Your task is to repeat exactly the lines below between the line holding "Gebraucht VW Multivan" and the line holding "AAF Furniture Luxury", inclusive, and only those.

====

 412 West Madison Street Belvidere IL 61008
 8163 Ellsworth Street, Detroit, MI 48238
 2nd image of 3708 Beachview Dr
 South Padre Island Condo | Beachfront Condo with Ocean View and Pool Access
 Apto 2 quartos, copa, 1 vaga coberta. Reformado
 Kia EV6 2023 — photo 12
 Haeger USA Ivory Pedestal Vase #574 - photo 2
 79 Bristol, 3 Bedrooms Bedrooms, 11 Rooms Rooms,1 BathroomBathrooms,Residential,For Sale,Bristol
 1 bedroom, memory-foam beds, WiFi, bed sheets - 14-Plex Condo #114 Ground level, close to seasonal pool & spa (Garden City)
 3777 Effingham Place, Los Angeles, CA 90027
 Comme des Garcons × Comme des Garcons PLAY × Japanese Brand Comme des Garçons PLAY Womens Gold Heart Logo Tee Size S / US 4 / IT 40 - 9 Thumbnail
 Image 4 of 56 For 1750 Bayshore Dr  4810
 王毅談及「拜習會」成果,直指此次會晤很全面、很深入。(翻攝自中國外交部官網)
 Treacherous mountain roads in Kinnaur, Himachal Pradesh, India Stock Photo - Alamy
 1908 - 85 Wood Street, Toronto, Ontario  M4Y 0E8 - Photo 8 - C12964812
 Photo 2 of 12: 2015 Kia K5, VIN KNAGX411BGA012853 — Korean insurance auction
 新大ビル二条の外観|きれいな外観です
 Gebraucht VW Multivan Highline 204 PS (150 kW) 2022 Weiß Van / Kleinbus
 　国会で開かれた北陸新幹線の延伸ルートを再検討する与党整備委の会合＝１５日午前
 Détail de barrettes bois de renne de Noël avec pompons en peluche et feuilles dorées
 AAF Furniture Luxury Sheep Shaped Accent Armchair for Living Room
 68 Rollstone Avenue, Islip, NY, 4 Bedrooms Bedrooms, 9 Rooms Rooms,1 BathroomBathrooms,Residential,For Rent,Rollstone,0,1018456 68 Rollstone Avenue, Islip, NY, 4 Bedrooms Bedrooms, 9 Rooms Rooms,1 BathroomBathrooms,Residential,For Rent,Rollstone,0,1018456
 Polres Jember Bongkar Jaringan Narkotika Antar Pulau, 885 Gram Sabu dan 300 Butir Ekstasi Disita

====

■ **RESPONSE TO THIS TASK**
 Gebraucht VW Multivan Highline 204 PS (150 kW) 2022 Weiß Van / Kleinbus
 　国会で開かれた北陸新幹線の延伸ルートを再検討する与党整備委の会合＝１５日午前
 Détail de barrettes bois de renne de Noël avec pompons en peluche et feuilles dorées
 AAF Furniture Luxury Sheep Shaped Accent Armchair for Living Room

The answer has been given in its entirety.